Then put partition table into $MNTDIR/etc/fstab:
sudo sh -c "echo LABEL=$LBL_NAME / auto defaults 1 1 >> $MNTDIR/etc/fstab"
The content of $MNTDIR/etc/fstab
may like this:
#
# /etc/fstab: static file system information
#
# <file system> <dir> <type> <options> <dump> <pass>
/dev/cdrom /media/cdrom iso9660 noauto,ro 0 0
/dev/usbdisk /media/usb vfat noauto,ro 0 0
LABEL=ALPINE_ROOT / auto defaults 1 1
If you have anything need to copy from host to UML, you can do at this stage, but make sure it’s static built. Otherwise the dependent libraries can’t be found.

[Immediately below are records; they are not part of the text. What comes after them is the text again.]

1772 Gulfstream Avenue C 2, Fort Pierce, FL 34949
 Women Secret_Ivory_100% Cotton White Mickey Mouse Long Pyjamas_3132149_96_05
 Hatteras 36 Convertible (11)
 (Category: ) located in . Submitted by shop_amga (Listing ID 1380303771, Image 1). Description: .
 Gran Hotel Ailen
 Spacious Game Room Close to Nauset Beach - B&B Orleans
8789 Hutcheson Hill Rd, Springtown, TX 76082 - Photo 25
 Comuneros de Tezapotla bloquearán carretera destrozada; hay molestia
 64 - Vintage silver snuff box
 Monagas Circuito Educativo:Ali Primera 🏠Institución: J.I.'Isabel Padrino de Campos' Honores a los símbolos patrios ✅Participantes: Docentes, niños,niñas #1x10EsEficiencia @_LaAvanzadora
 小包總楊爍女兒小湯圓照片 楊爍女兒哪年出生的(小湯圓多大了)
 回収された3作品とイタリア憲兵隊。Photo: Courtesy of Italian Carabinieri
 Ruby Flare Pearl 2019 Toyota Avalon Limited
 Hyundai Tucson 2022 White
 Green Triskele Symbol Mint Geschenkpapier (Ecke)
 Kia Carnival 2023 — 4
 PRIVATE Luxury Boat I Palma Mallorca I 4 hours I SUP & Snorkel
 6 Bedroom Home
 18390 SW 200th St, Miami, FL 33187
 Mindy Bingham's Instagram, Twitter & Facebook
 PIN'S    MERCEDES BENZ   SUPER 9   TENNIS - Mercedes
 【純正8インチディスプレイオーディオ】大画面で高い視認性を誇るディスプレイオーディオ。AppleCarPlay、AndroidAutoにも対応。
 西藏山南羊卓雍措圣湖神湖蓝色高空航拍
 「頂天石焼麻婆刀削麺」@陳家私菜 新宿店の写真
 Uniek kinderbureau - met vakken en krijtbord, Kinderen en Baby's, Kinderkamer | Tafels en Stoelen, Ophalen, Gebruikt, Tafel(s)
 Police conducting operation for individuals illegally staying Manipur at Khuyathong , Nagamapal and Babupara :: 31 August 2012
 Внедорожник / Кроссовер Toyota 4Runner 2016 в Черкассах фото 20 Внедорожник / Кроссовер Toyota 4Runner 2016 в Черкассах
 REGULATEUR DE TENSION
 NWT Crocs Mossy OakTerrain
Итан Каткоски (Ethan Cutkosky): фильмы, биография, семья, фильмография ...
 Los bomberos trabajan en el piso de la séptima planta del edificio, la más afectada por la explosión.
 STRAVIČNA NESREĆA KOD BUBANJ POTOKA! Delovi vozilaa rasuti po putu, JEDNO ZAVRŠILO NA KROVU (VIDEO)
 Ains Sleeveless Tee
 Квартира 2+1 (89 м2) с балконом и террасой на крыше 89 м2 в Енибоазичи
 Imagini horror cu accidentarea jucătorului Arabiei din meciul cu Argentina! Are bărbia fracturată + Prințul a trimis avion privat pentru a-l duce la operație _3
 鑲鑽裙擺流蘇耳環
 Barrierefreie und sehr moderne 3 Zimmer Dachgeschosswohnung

mkdir $ROOTFS/etc/shadowsocks
# Replace SS_STATIC_PATH to your static shadowsocks path
cp $SS_STATIC_PATH/ss-* $ROOTFS/usr/local/bin
# Replace SS_CFG_PATH to yours
cp $SS_CFG_PATH/config.json $ROOTFS/etc/shadowsocks
Also, you may want to change some system preferences, which be found at $MNTDIR/etc/sysctl.conf
For exmaple, a common used network optimization would be:
# max open files
fs.file-max = 51200
# max read buffer
net.core.rmem_max = 67108864
# max write buffer
net.core.wmem_max = 67108864
# default read buffer
net.core.rmem_default = 65536
# default write buffer
net.core.wmem_default = 65536
# max processor input queue
net.core.netdev_max_backlog = 4096
# max backlog
net.core.somaxconn = 4096
# resist SYN flood attacks
net.ipv4.tcp_syncookies = 1
# reuse timewait sockets when safe
net.ipv4.tcp_tw_reuse = 1
# turn off fast timewait sockets recycling
net.ipv4.tcp_tw_recycle = 0
# short FIN timeout
net.ipv4.tcp_fin_timeout = 30
# short keepalive time
net.ipv4.tcp_keepalive_time = 1200
# outbound port range
net.ipv4.ip_local_port_range = 10000 65000
# max SYN backlog
net.ipv4.tcp_max_syn_backlog = 4096
# max timewait sockets held by system simultaneously
net.ipv4.tcp_max_tw_buckets = 5000
# turn on TCP Fast Open on both client and server side
net.ipv4.tcp_fastopen = 3
# TCP receive buffer
net.ipv4.tcp_rmem = 4096 87380 67108864
# TCP write buffer
net.ipv4.tcp_wmem = 4096 65536 67108864
# turn on path MTU discovery
net.ipv4.tcp_mtu_probing = 1
# BBR
net.core.default_qdisc = fq
net.ipv4.tcp_congestion_control = bbr
When all things done, remember umount the image:
sudo umount $MNTDIR
Making a User-mode Linux boot image(vmlinux)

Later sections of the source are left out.